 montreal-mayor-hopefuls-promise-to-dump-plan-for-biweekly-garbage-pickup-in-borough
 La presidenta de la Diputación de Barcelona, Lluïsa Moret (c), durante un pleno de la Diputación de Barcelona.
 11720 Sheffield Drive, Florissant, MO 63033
==
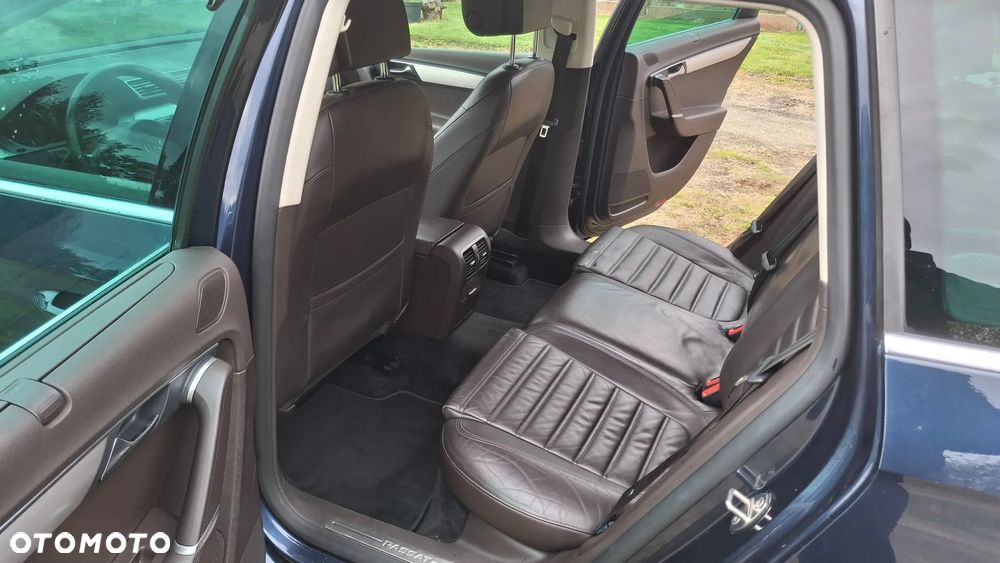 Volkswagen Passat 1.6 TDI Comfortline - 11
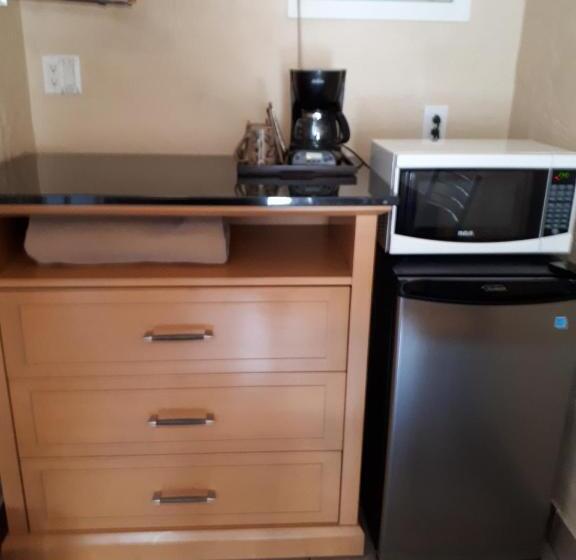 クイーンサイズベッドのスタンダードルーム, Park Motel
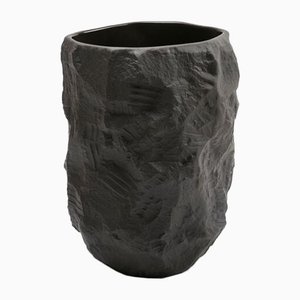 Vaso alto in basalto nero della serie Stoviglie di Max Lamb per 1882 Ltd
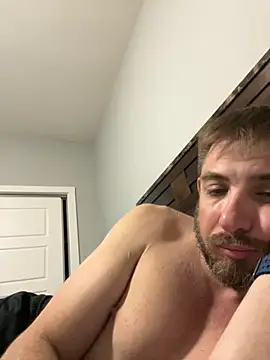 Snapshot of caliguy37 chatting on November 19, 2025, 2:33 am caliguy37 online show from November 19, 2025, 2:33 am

§ Activity: Nothing should appear in the answer except the lines above from the line with "La presidenta de" through the line with "11720 Sheffield Drive, Florissant, MO 63033", both included, written out exactly.

§ Answer box:
 La presidenta de la Diputación de Barcelona, Lluïsa Moret (c), durante un pleno de la Diputación de Barcelona.
 11720 Sheffield Drive, Florissant, MO 63033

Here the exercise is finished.